Last week, citizens of the UK voted to leave the European Union. Brexit has been all over the news. Maybe you’ve seen the video of this guy, who is upset over the outcome even though he voted to leave. You see, he thought his vote wouldn’t make a difference. Anecdotally, there seem to be quite of few UK citizens like him, though anecdotes aren’t data, so we can’t tell from Facebook or other media if they make up a significant percentage of voters.

This view of ourselves as ineffective and insignificant is not new. “We looked like grasshoppers to ourselves, and so we must have looked to them.” That comes from the Hebrew Scriptures, the Torah, and was written millennia ago. In this week’s Torah portion (Parshat ShlahMoses, the great Israelite prophet and leader, sends scouts into the Promised Land to see if it’s a good place to live, and if it can be conquered. Out of 12 scouts, two say the land can be conquered, while 10 return to say that it is a wonderful place, but the people living there are very intimidating. Looking at the people who live in the land, these 10 scouts felt as small and weak as grasshoppers. And because they feel that way, they assume that the people they saw looked at them in that way too.
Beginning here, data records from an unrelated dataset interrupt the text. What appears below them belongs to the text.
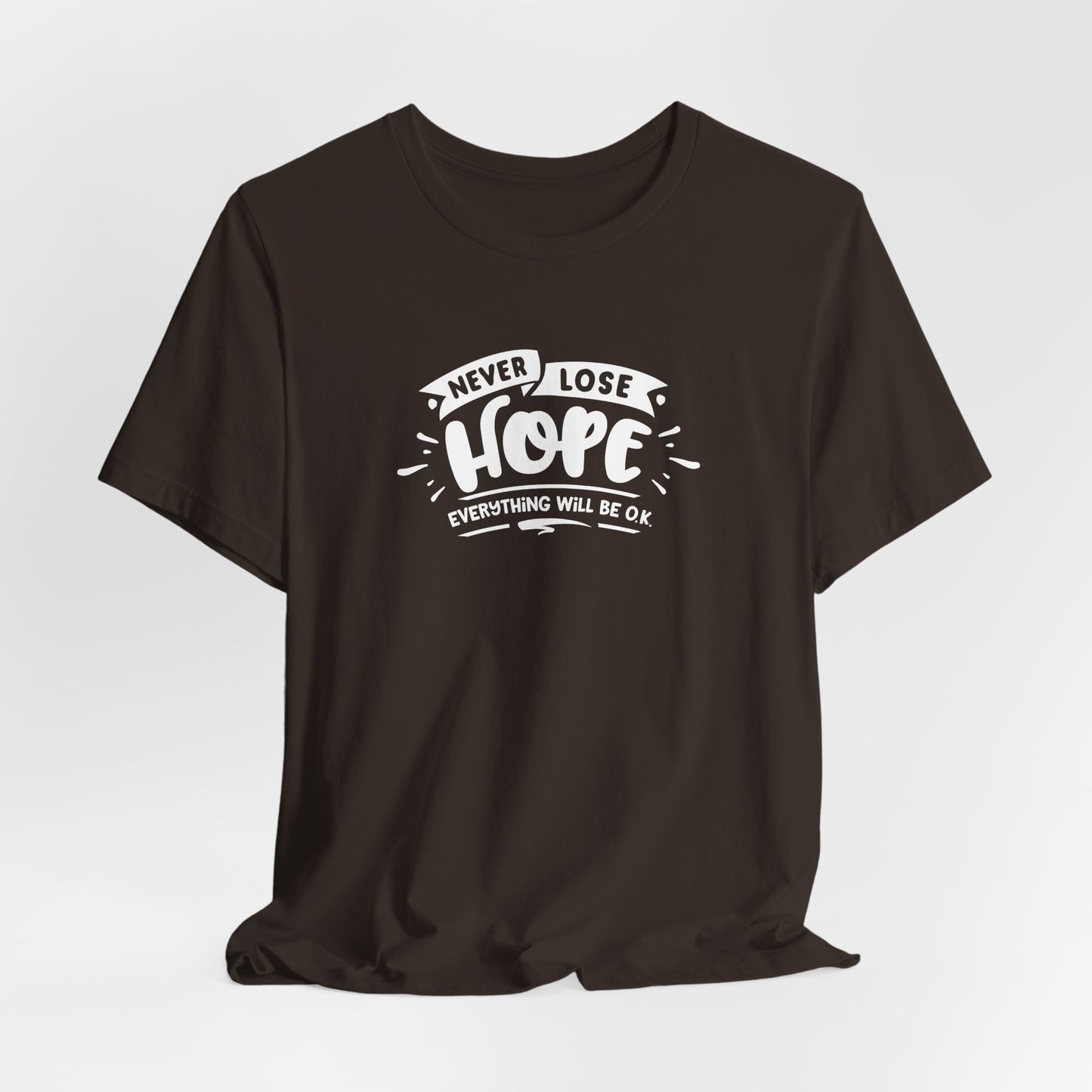 Never Lose Hope Everything Will Be Ok Unisex Jersey Short Sleeve Tee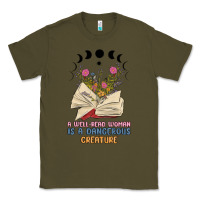 Army Green a well read woman is a dangerous creature Classic Tee - MaliasSmallBusiness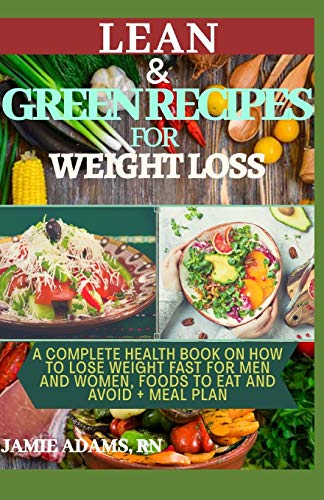 LEAN AND GREEN RECIPES FOR WEIGHT LOSS: A Complete Health Book On How To Lose Weight Fast For Men and Women, Foods To Eat And Avoid + Meal Plan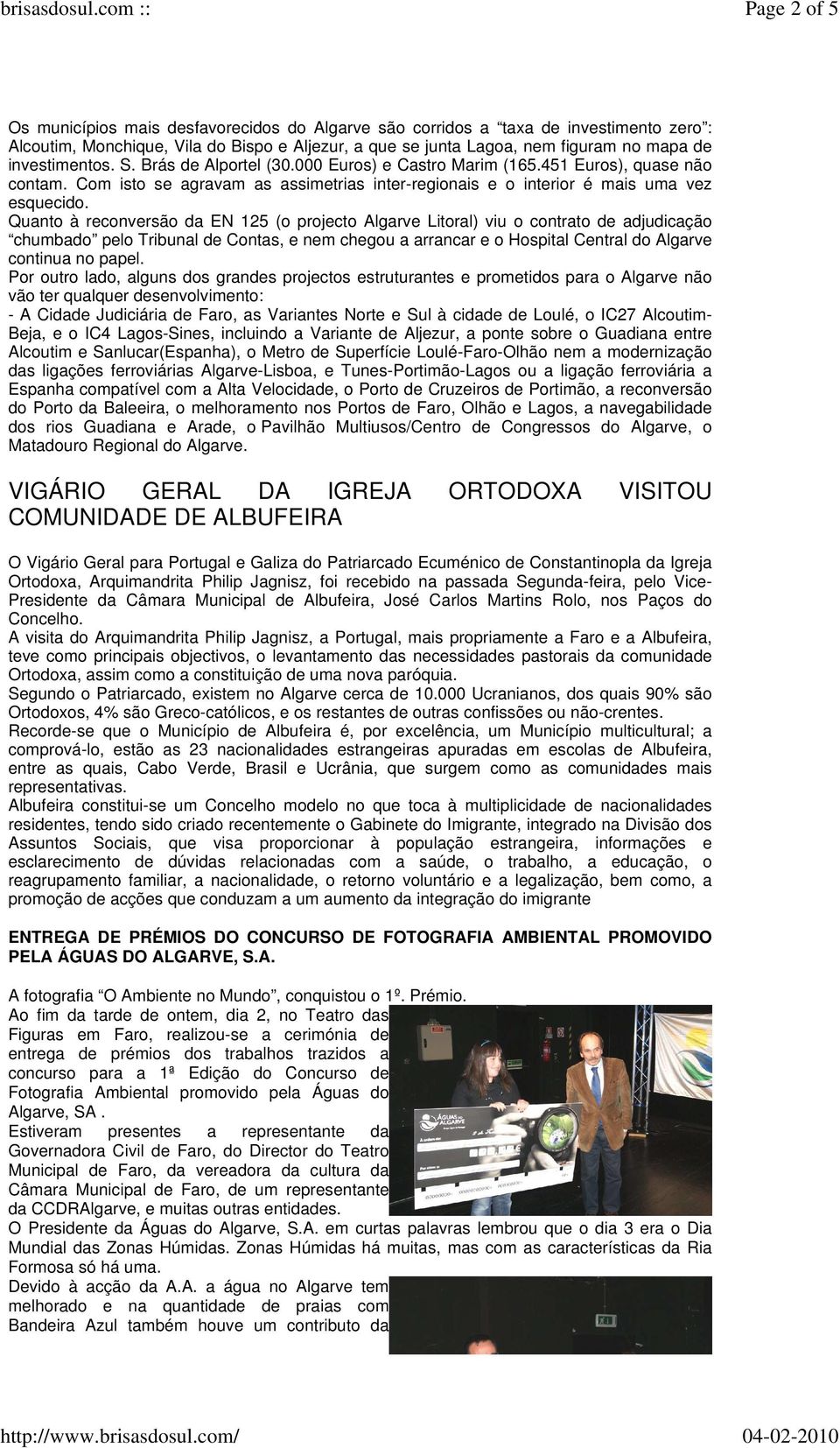 Quanto à reconversão da EN 125 (o projecto Algarve Litoral) viu o contrato de adjudicação chumbado pelo Tribunal de Contas, e nem chegou a arrancar e o Hospital Central do Algarve continua no papel.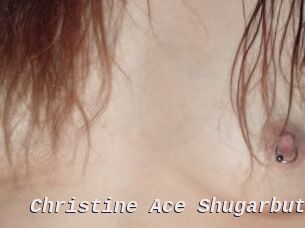 Christine_Ace_Shugarbutt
How often do we make assumptions about our impact on others or what they are thinking about us? How often do we assume that our choices don’t make a difference?

There are times when we are insignificant. Our lives in the context of geological time on earth are not even a blip. Compared to the vastness of the universe, or the mysteries of life, death, and God, we are barely there. At the same time, we can and do affect the lives of others with the choices we make, and that matters. Our votes matter, even if it’s hard to see it. Our attitudes on social media—where we put our support, whether we choose to troll or help—matter. Our behavior when we encounter others on the street, in the grocery store, or wherever we may be, matters.

The 10 Israelite scouts thought they were insignificant, but they were not. The influence of their despair on the rest of the Israelites, who believed them, meant that an entire generation, the generation that left Egypt in the Exodus, died in the desert during 40 years of wandering instead of entering the Promised Land.

A Hasidic Rebbe, Rabbi Simcha Bunim Bonhart of Peshischa, taught that a person should keep two pieces of paper in their pocket at all times. One says, “I am but dust and ashes,” and the other says, “The whole world was created for me.” The point is that sometimes we feel powerful and important, and then we need to reminded that we are made from the earth, the dust. When we feel that we have no impact, we need to be reminded that the whole world was created for each of us.

As we in the USA go forward in this important election season, may we recognize our significance, and may we have the wisdom to know which message to pull from our pocket as we make our decisions.